### DATASET EXCERPTS
#####
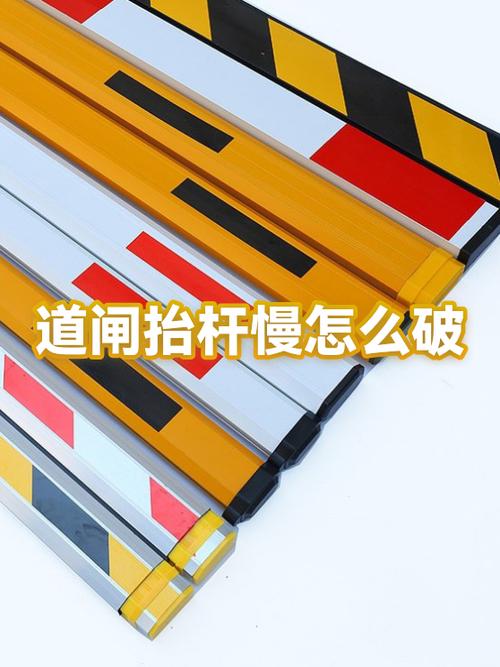 道闸抬杆速度怎么调
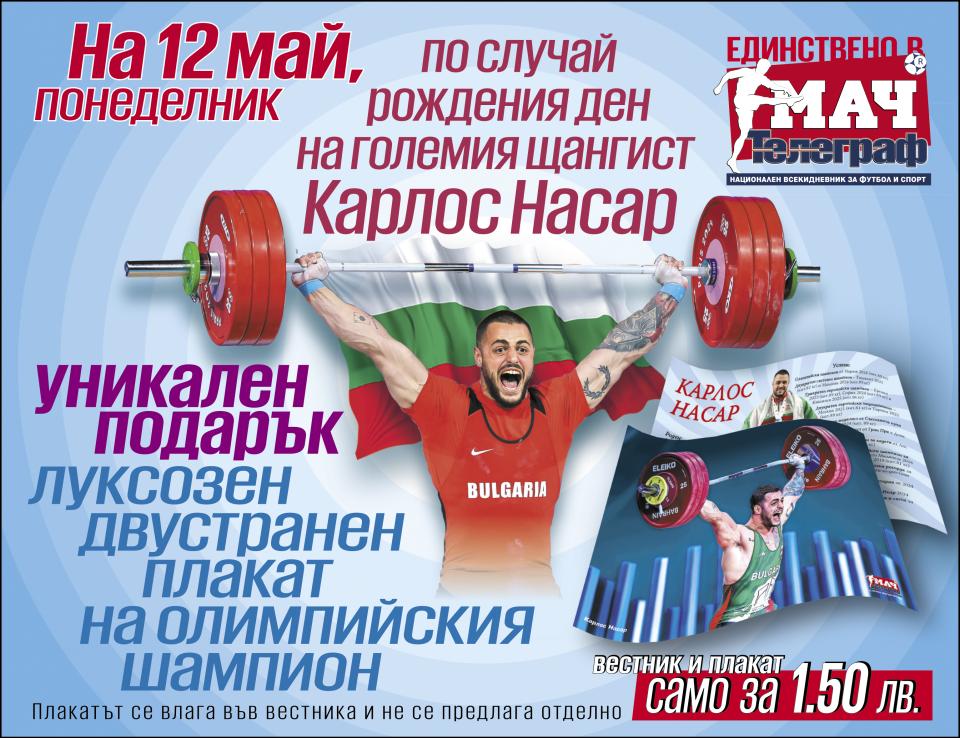 Мач Телеграф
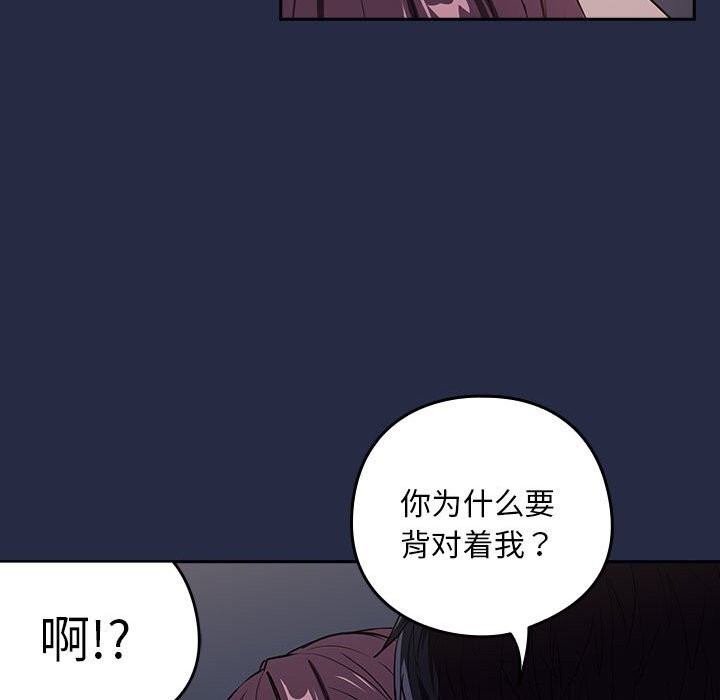 《下班后的例行恋爱》漫画 第43話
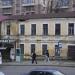 Снесенный жилой дом (ул. Ленина, 51) в городе Железноводск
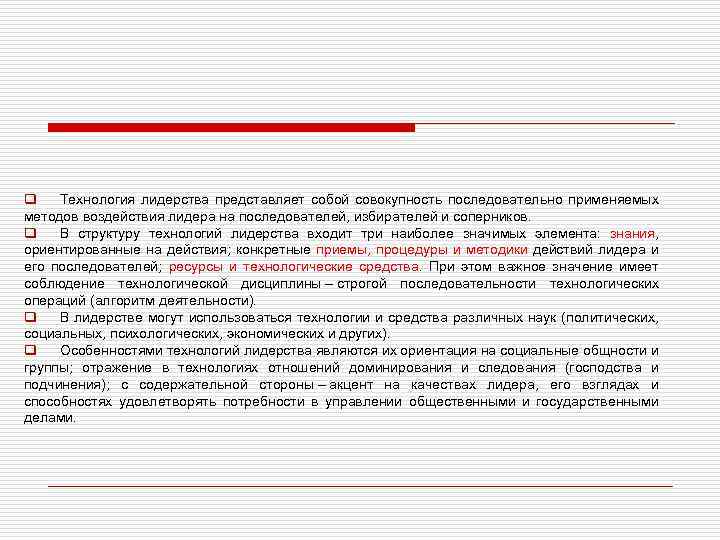 q Технология лидерства представляет собой совокупность последовательно применяемых методов воздействия лидера на последователей, избирателей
#####
### TASK DESCRIPTION
Return verbatim every line from the line containing "Снесенный жилой дом" to the last line of the entries above, inclusive, and leave out the pictures.

### OUTPUT
 Снесенный жилой дом (ул. Ленина, 51) в городе Железноводск
 q Технология лидерства представляет собой совокупность последовательно применяемых методов воздействия лидера на последователей, избирателей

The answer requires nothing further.